WHAT NEEDS TO BE DONE =>
Reproduce the whole of the records exactly, and make sure no picture is carried into the result.

[Collection entries]
++++++
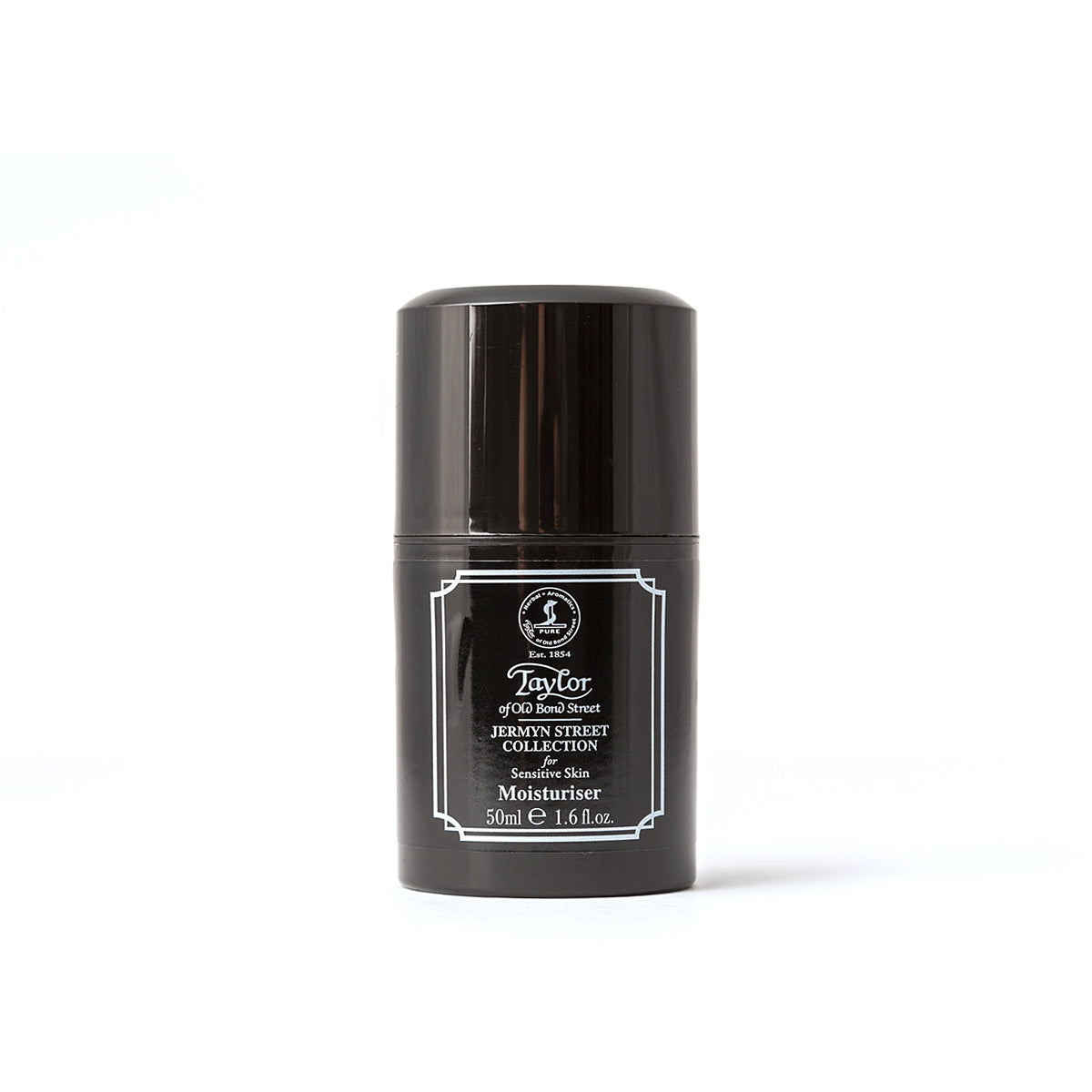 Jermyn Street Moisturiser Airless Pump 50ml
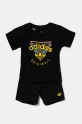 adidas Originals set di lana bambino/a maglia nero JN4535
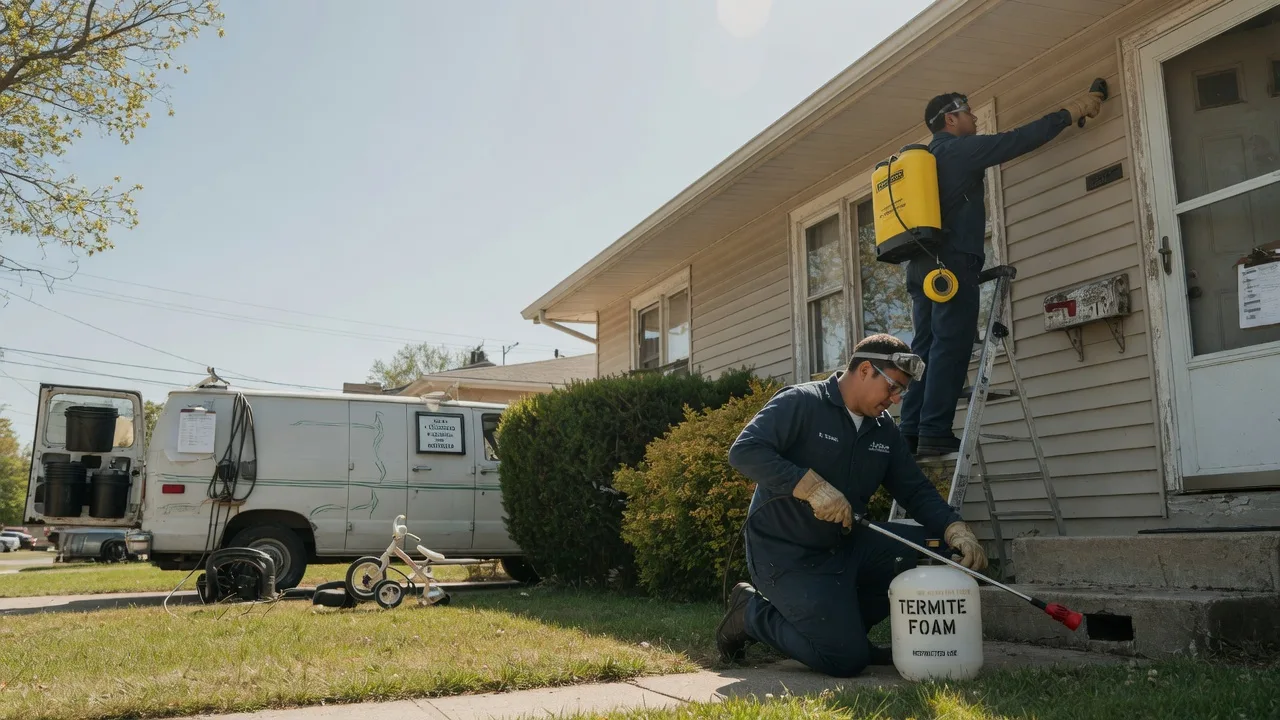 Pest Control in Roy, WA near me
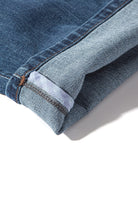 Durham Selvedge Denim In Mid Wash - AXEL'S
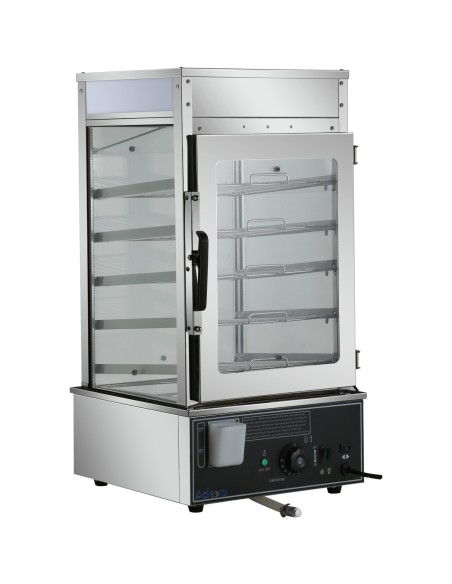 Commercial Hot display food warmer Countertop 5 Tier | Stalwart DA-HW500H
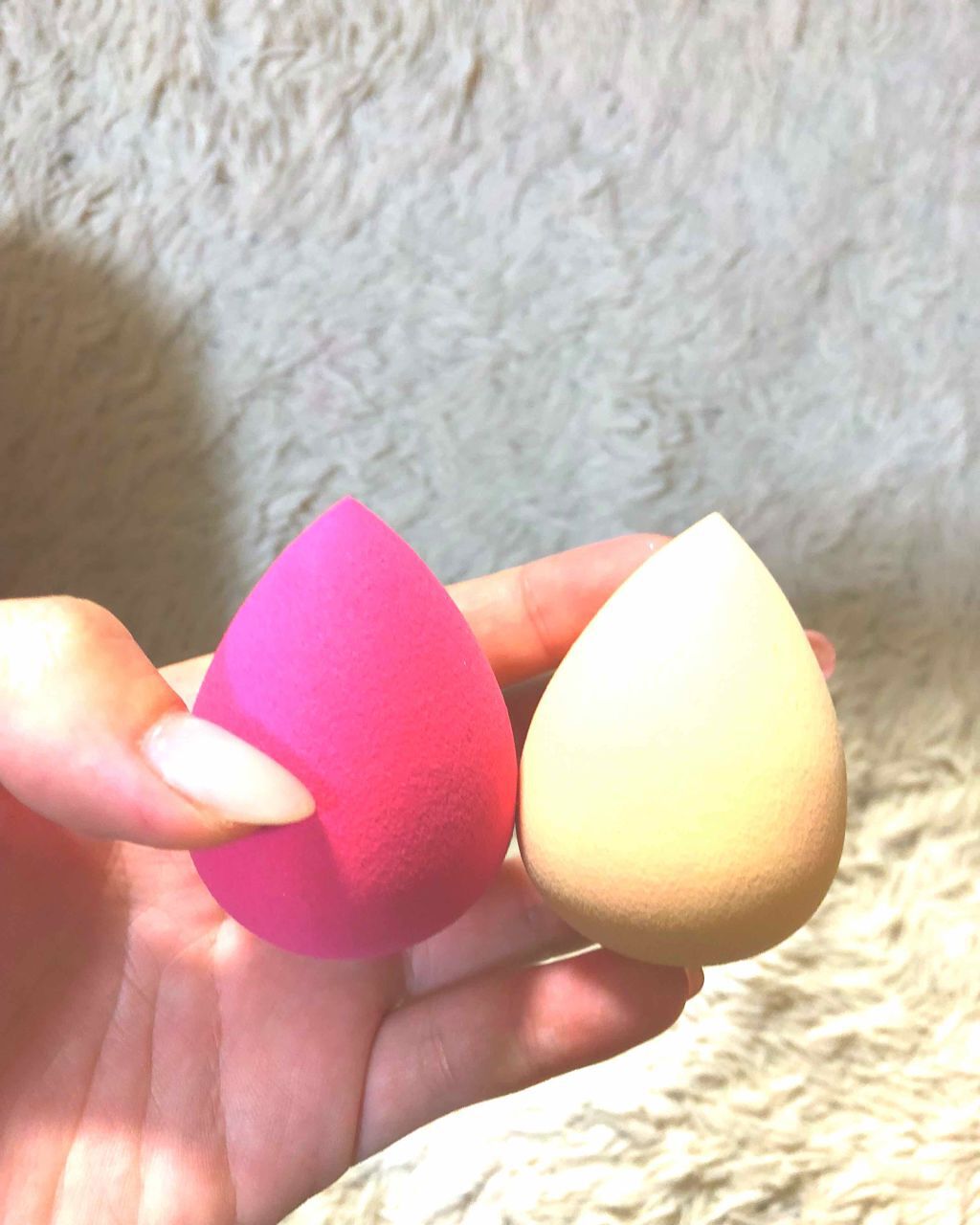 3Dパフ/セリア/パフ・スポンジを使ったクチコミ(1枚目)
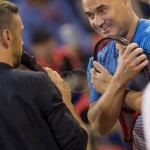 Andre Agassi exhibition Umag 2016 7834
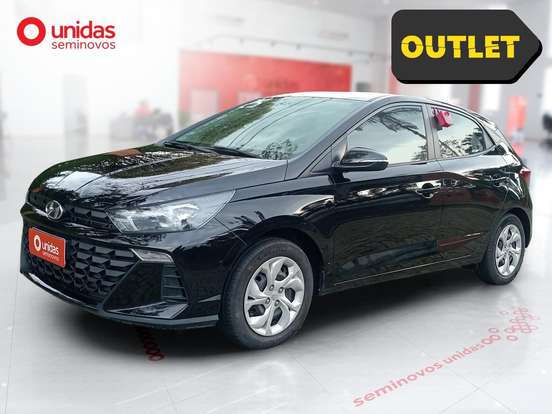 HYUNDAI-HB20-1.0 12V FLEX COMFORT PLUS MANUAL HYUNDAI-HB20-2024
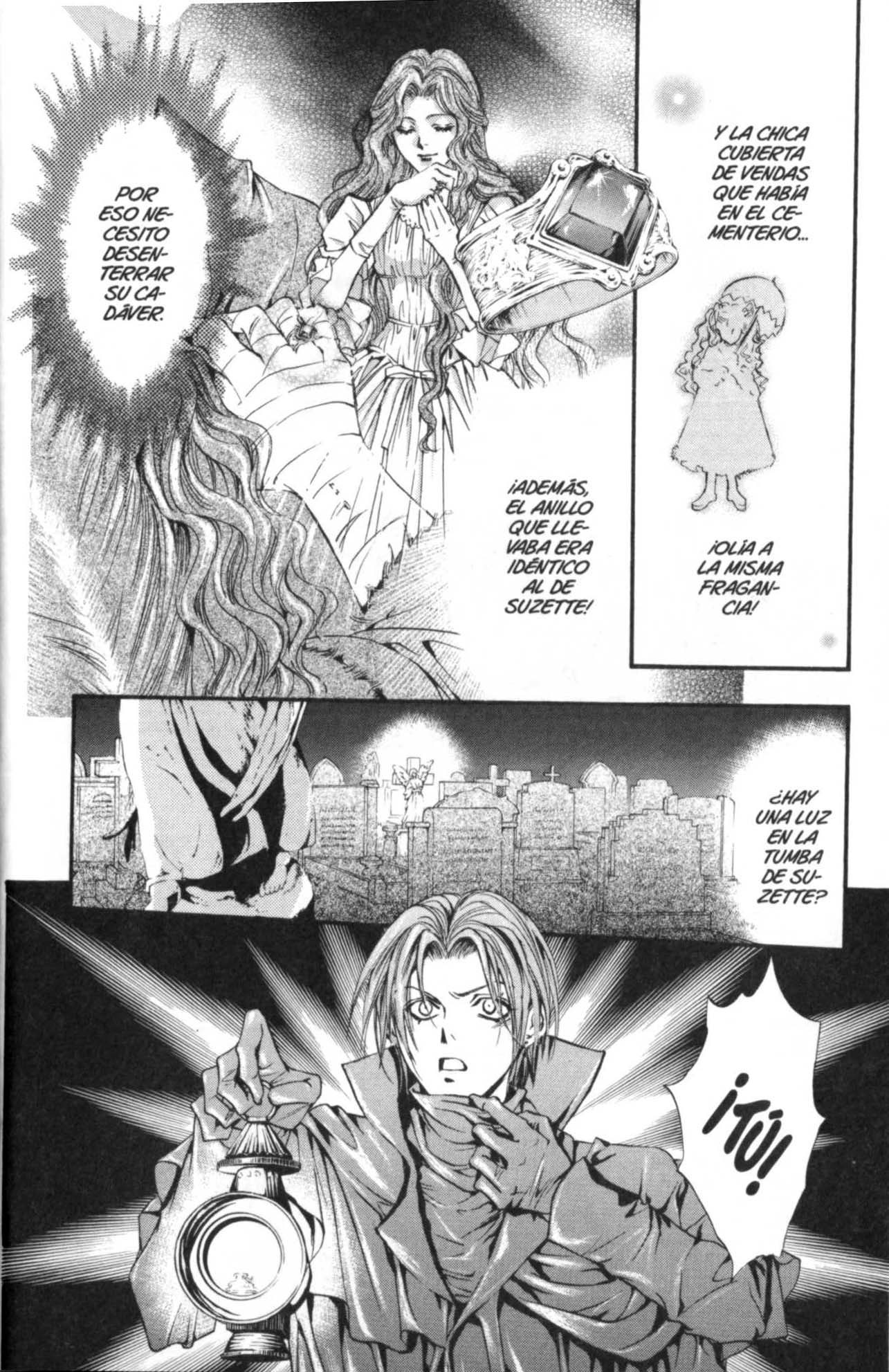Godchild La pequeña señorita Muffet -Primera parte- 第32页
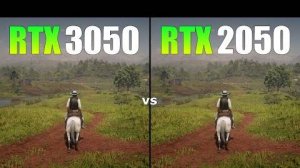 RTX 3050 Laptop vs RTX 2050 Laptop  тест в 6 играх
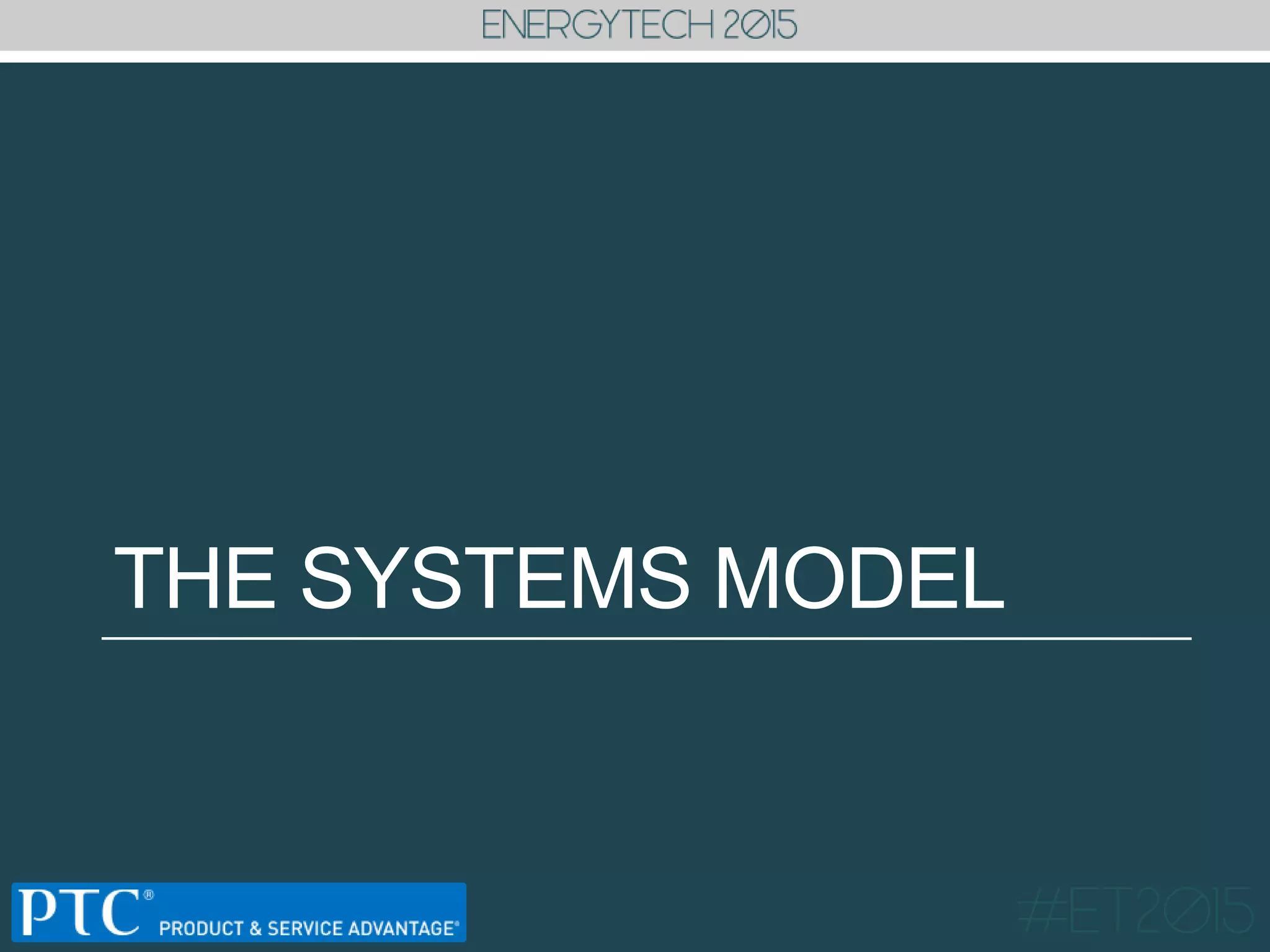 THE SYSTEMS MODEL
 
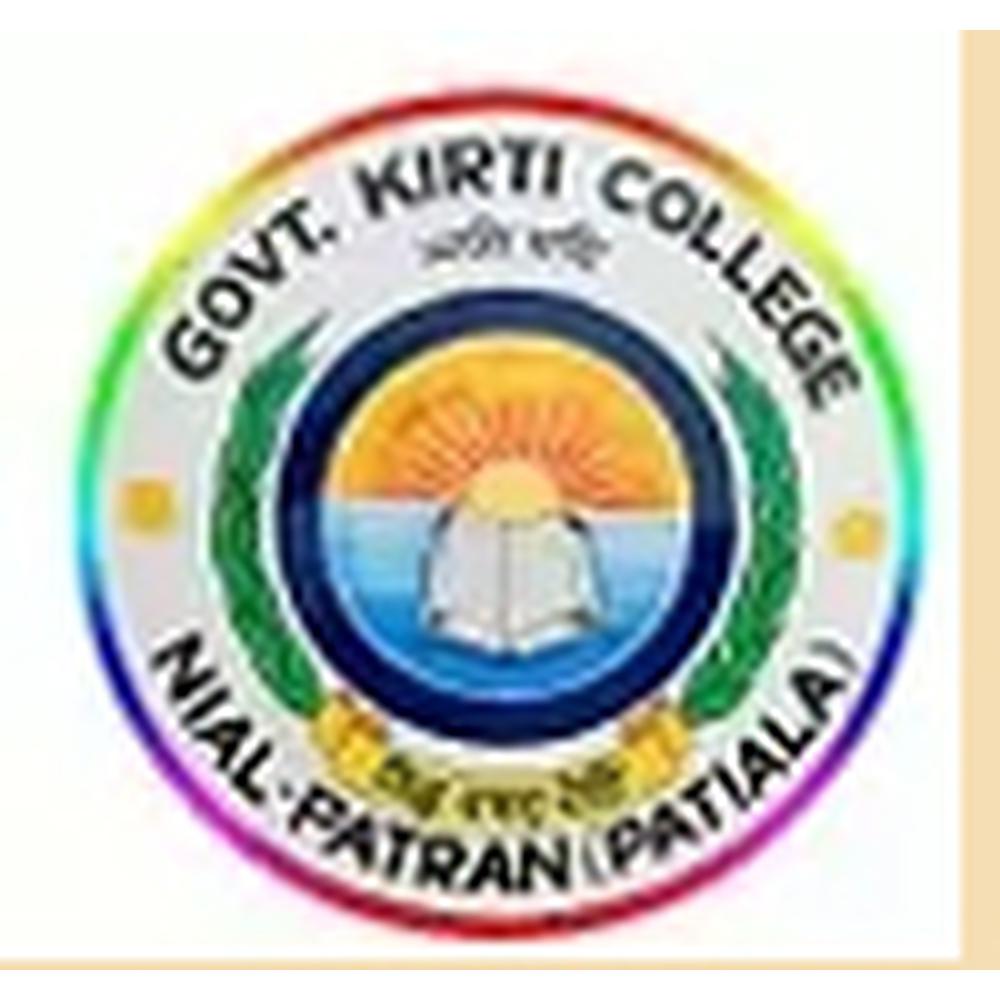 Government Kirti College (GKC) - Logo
++++++
ANSWER BELOW =>
 Jermyn Street Moisturiser Airless Pump 50ml
 adidas Originals set di lana bambino/a maglia nero JN4535
 Pest Control in Roy, WA near me
 Durham Selvedge Denim In Mid Wash - AXEL'S
 Commercial Hot display food warmer Countertop 5 Tier | Stalwart DA-HW500H
 3Dパフ/セリア/パフ・スポンジを使ったクチコミ(1枚目)
 Andre Agassi exhibition Umag 2016 7834
 HYUNDAI-HB20-1.0 12V FLEX COMFORT PLUS MANUAL HYUNDAI-HB20-2024
Godchild La pequeña señorita Muffet -Primera parte- 第32页
 RTX 3050 Laptop vs RTX 2050 Laptop  тест в 6 играх
 THE SYSTEMS MODEL
 
 Government Kirti College (GKC) - Logo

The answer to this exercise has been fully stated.